DATASET SECTION
- Opening Delimiter -

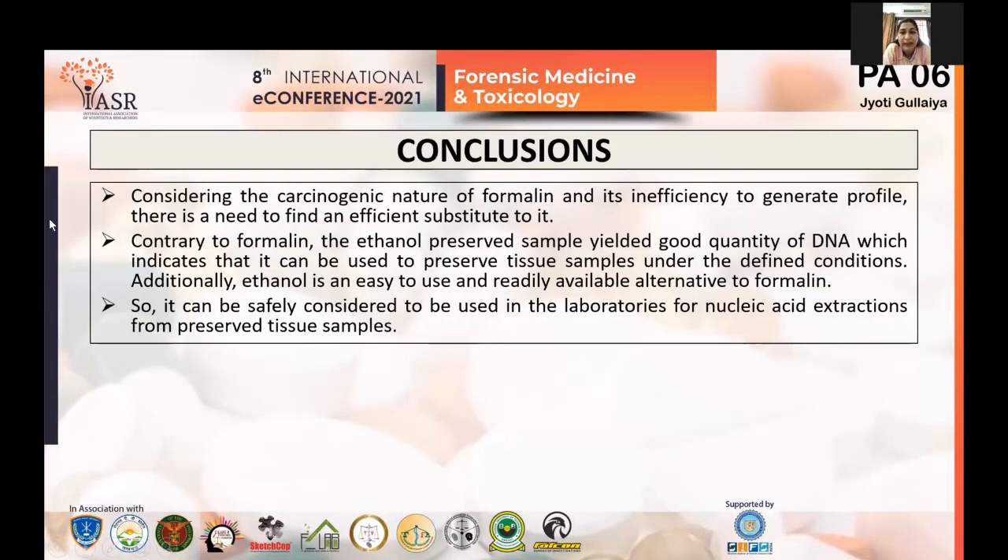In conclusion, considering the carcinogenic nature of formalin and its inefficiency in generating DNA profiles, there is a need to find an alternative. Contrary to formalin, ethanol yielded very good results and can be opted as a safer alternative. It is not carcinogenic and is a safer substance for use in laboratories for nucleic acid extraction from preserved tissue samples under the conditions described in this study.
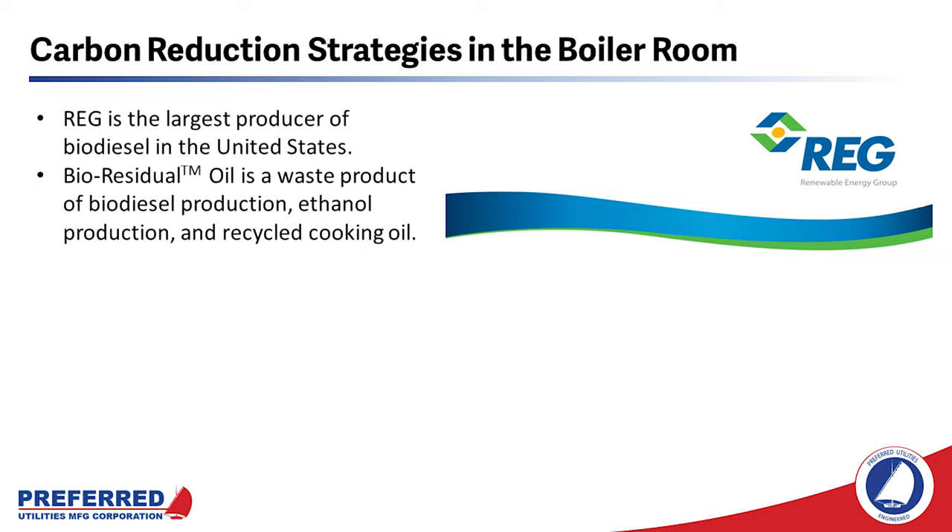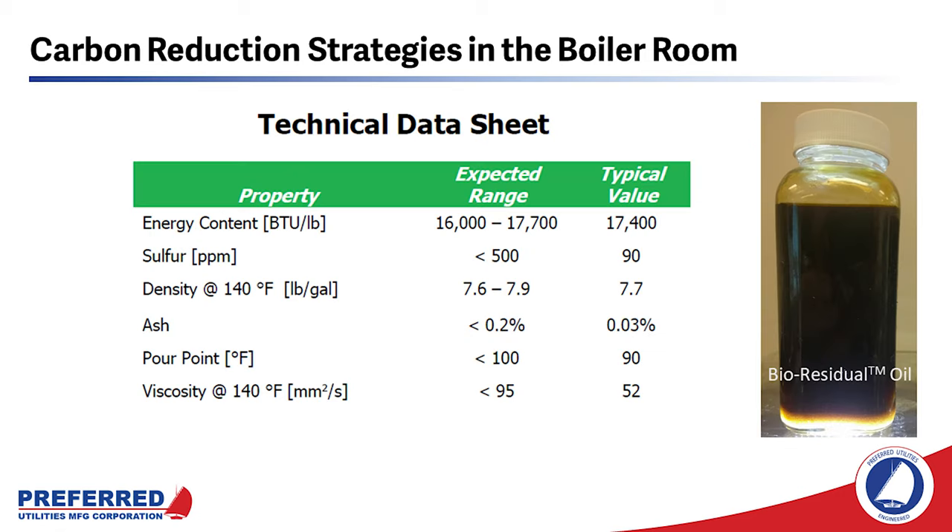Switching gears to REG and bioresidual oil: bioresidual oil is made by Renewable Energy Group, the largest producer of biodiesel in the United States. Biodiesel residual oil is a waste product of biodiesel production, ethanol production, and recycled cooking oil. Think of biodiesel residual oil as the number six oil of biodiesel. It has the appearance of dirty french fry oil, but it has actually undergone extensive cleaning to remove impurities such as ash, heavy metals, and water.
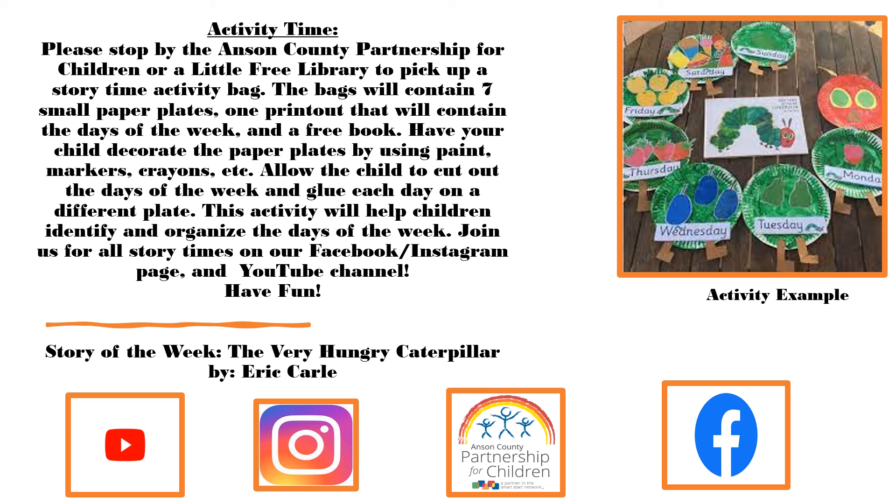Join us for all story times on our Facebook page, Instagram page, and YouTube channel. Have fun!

- Closing Delimiter -

Print the material above exactly as it appears, but not its pictures.

In conclusion, considering the carcinogenic nature of formalin and its inefficiency in generating DNA profiles, there is a need to find an alternative. Contrary to formalin, ethanol yielded very good results and can be opted as a safer alternative. It is not carcinogenic and is a safer substance for use in laboratories for nucleic acid extraction from preserved tissue samples under the conditions described in this study.
Switching gears to REG and bioresidual oil: bioresidual oil is made by Renewable Energy Group, the largest producer of biodiesel in the United States. Biodiesel residual oil is a waste product of biodiesel production, ethanol production, and recycled cooking oil. Think of biodiesel residual oil as the number six oil of biodiesel. It has the appearance of dirty french fry oil, but it has actually undergone extensive cleaning to remove impurities such as ash, heavy metals, and water.
Join us for all story times on our Facebook page, Instagram page, and YouTube channel. Have fun!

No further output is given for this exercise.